(Data extracted from a collection)

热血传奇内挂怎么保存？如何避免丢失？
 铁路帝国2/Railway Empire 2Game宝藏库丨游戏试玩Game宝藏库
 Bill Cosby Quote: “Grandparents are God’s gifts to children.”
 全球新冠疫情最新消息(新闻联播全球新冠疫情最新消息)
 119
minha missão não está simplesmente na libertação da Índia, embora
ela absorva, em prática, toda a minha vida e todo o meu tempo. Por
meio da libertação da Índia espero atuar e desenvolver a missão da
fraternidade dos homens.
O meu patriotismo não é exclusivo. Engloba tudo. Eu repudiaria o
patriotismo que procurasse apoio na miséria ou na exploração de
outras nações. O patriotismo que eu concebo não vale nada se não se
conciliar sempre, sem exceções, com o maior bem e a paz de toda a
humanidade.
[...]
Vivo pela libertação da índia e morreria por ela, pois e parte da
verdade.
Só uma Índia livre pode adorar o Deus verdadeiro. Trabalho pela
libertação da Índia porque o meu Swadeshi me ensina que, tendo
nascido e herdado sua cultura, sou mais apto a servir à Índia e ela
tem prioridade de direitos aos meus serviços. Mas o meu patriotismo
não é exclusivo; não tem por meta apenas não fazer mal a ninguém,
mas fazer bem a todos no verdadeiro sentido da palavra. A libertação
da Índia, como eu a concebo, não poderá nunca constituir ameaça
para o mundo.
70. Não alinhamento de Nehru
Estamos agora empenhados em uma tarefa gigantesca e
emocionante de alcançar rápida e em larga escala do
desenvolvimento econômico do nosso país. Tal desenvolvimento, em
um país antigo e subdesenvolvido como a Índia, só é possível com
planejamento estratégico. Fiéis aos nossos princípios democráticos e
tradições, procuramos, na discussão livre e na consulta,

# [What to work on]
Return the entries exactly through the "outras nações. O" line.

# [Answer to this problem]
热血传奇内挂怎么保存？如何避免丢失？
 铁路帝国2/Railway Empire 2Game宝藏库丨游戏试玩Game宝藏库
 Bill Cosby Quote: “Grandparents are God’s gifts to children.”
 全球新冠疫情最新消息(新闻联播全球新冠疫情最新消息)
 119
minha missão não está simplesmente na libertação da Índia, embora
ela absorva, em prática, toda a minha vida e todo o meu tempo. Por
meio da libertação da Índia espero atuar e desenvolver a missão da
fraternidade dos homens.
O meu patriotismo não é exclusivo. Engloba tudo. Eu repudiaria o
patriotismo que procurasse apoio na miséria ou na exploração de
outras nações. O patriotismo que eu concebo não vale nada se não se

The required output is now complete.